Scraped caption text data
------------------------------------------------

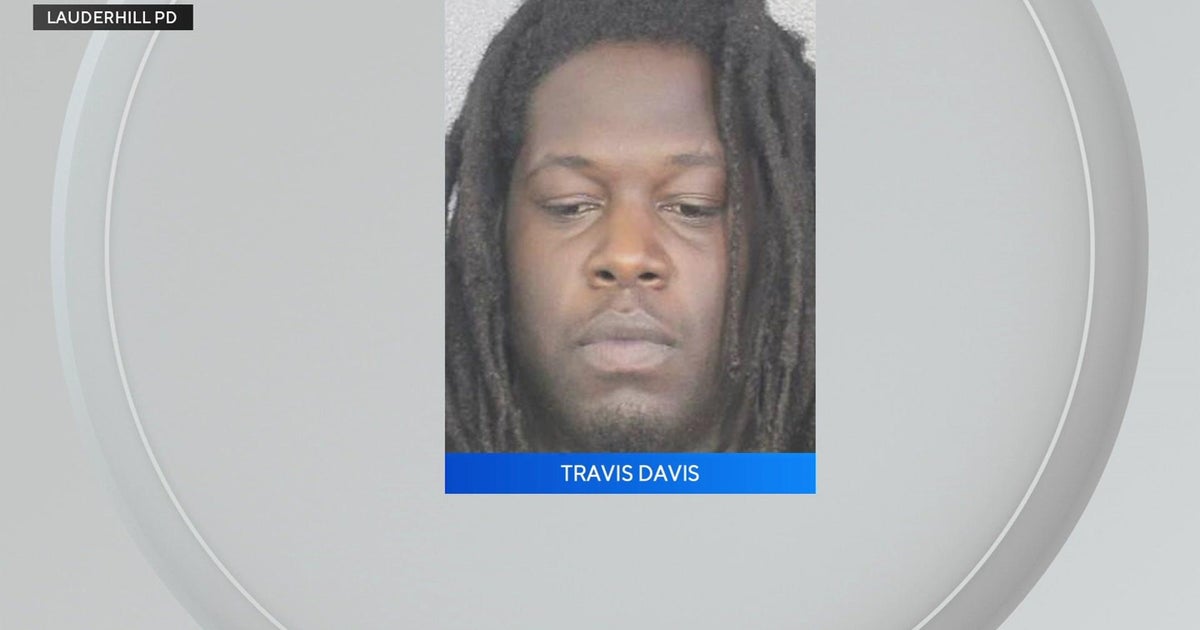 Man accused of exposing himself to 13-yr-old lady strolling to college in Lauderhill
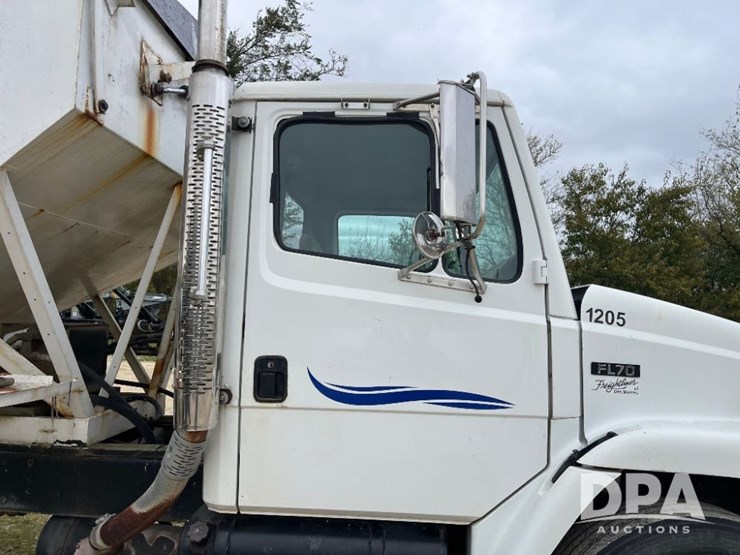 1995-freightliner-fl70-image-25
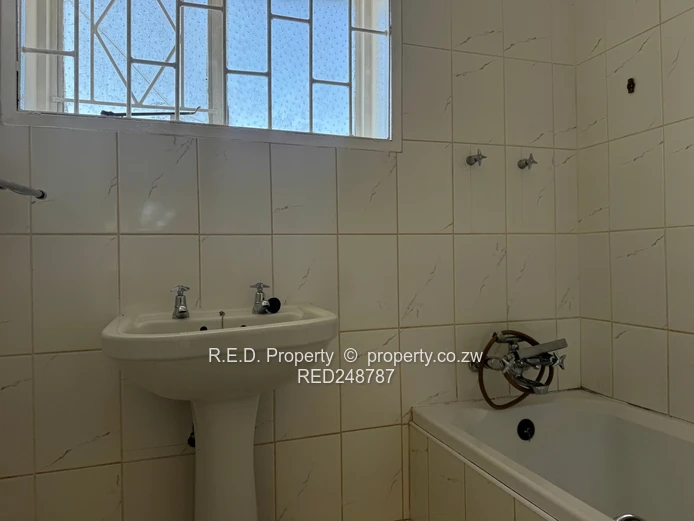 Semi- detached house To Let In Paddonhurst!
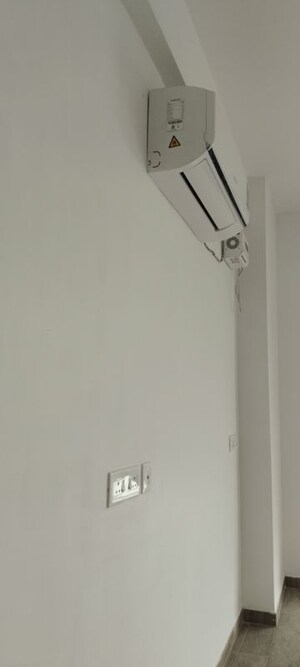 Furnished Amenities in 3 BHK Apartment at SPR Elysia, Sector 82 – for Rent
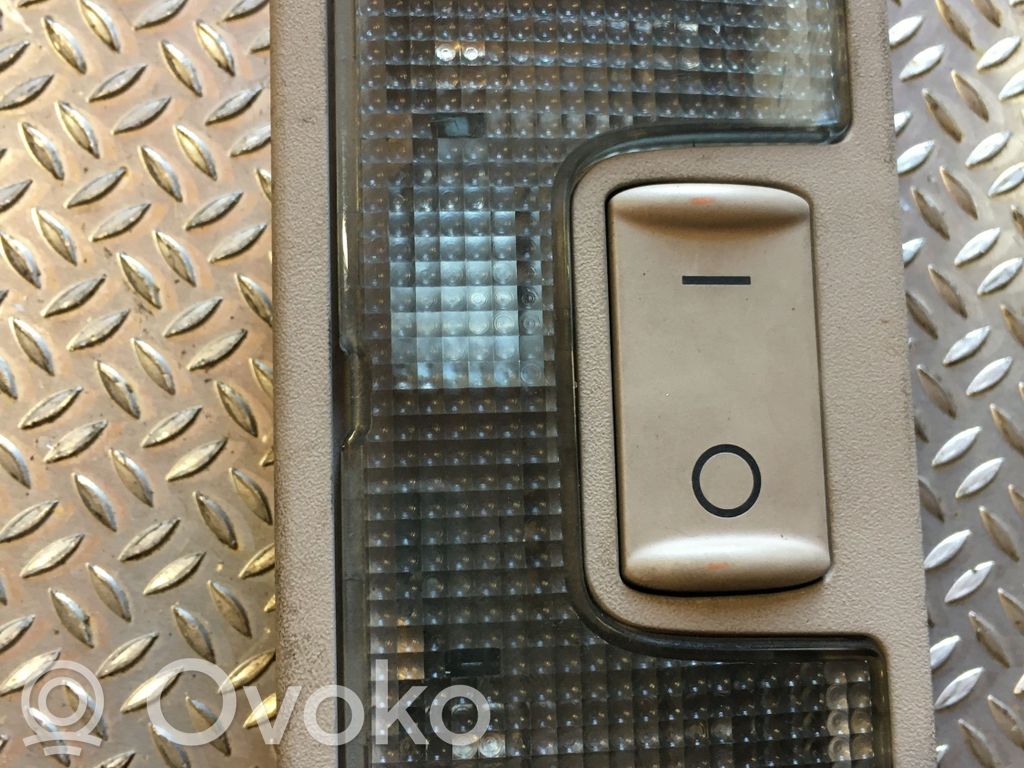 Audi A6 S6 C5 4B Lampka podsufitki tylna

------------------------------------------------

# What the task requires
Your answer must be the full set of entries, set down exactly and without pictures.

# Task result
 Man accused of exposing himself to 13-yr-old lady strolling to college in Lauderhill
 1995-freightliner-fl70-image-25
 Semi- detached house To Let In Paddonhurst!
 Furnished Amenities in 3 BHK Apartment at SPR Elysia, Sector 82 – for Rent
 Audi A6 S6 C5 4B Lampka podsufitki tylna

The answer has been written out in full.